Meeting this quandary head on is MELTWATER, a musical performance piece, that comes to the Southbank Centre in August as part of our Planet Summer programme. Bringing together music, field recordings and evocative Indian vocals and a very visual depiction of a glacier melting before your eyes, MELTWATER curates the effect of climate change into a day-in-the-life of a glacier condensed into a 60-minute spectacle.

This important work is the product of Carnatic singer-composer Supriya Nagarajan and is born out of ‘Terrarium’, a cross-border community story-telling project led by Nagarajan’s arts-music charity Manasamitra.

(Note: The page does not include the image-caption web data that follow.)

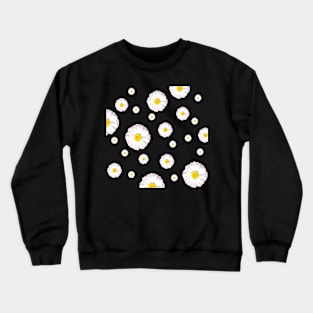 Floral Daisy Design Crewneck Sweatshirt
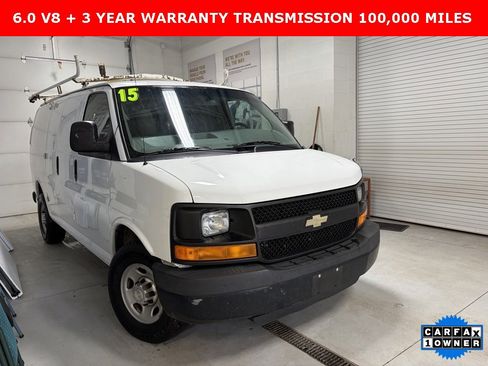 Used 2015 Chevrolet Express 2500 Work Van 3D Cargo Van image 1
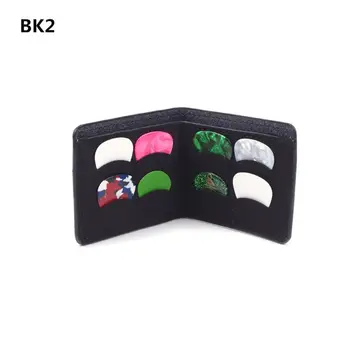 

Leather Electric Guitar Pick Holder Bag Folk Pop Acoustic Guitar Plectrum Case G99D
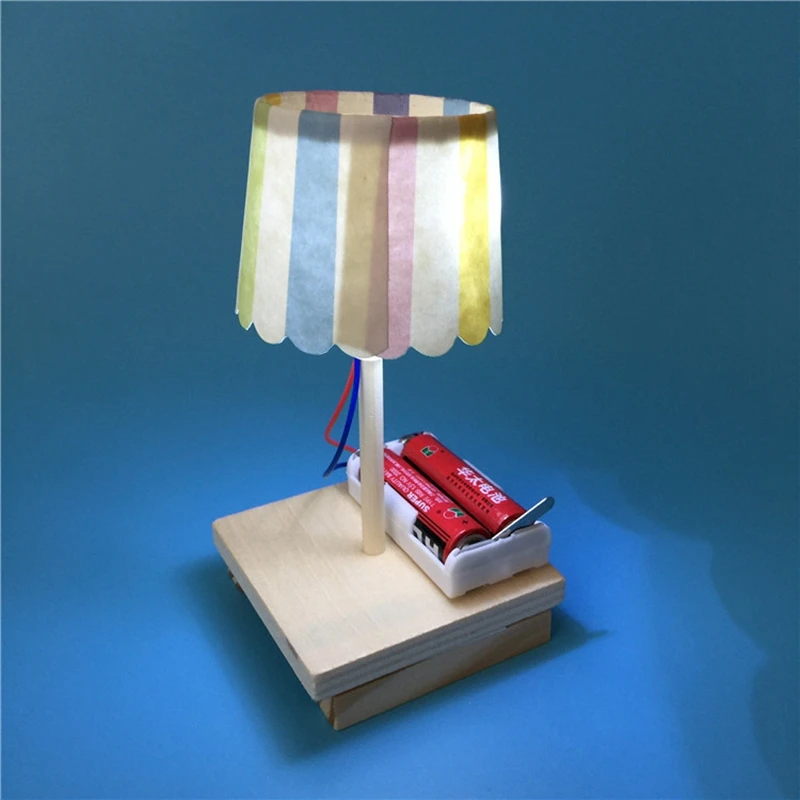 Education Toys for Children DIY Model Kit Kids Toys Paper Cup Small Table Lamp Mini Model Building Kits Science Project Gifts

Ahead of MELTWATER’s arrival in our Purcell Room, we caught up with Nagarajan to find out more about how this piece came to be, as well as her own background, and a quick introduction to what exactly Carnatic music is.

 

Your artistic journey began as a singer of Carnatic vocal music. For those unfamiliar with Carnatic music could you give a quick introduction to it and its origins?

In India there are two types, or genres, of classical music North Indian classical music, which is Hindustani music, and South Indian classical music, which is Carnatic music. Hindustani music has a Persian influence because when the Persians invaded from Iran and Central Asia many years ago, they left behind musical influences on the northern parts of India where they resided. The southern parts of India however were mostly untouched by the Islamic invasions, and so Carnatic music structures remain pretty much as they were from the time it was first developed.

Carnatic music is very lyrical, and is largely based on the concept of Bhakti, which is a devotion to Gods. So a lot of lyrical content in Carnatic music is devoted to singing about the different Gods of the Hindu tradition. At the heart of Carnatic music are three saints, the three main composers of the music in the 18th century, and a lot of the music comes from their compositions.

 

Did you always want to have a career in the arts?

I didn’t always have a career in the arts. I grew up in Mumbai, and because I grew up in a family of accountants, I became an accountant myself after studying at Mumbai University. And then I worked in banking, firstly in India until 1998 and then after I moved to the UK.

But my primary passion in life was music. My mother was a singer and I was surrounded by music in my childhood, but I’d never gotten the opportunity to pursue music as my primary occupation. So in 2005 I decided I had to leave banking then, or I would forever be stuck doing that, and so I quit then and set up Manasamitra.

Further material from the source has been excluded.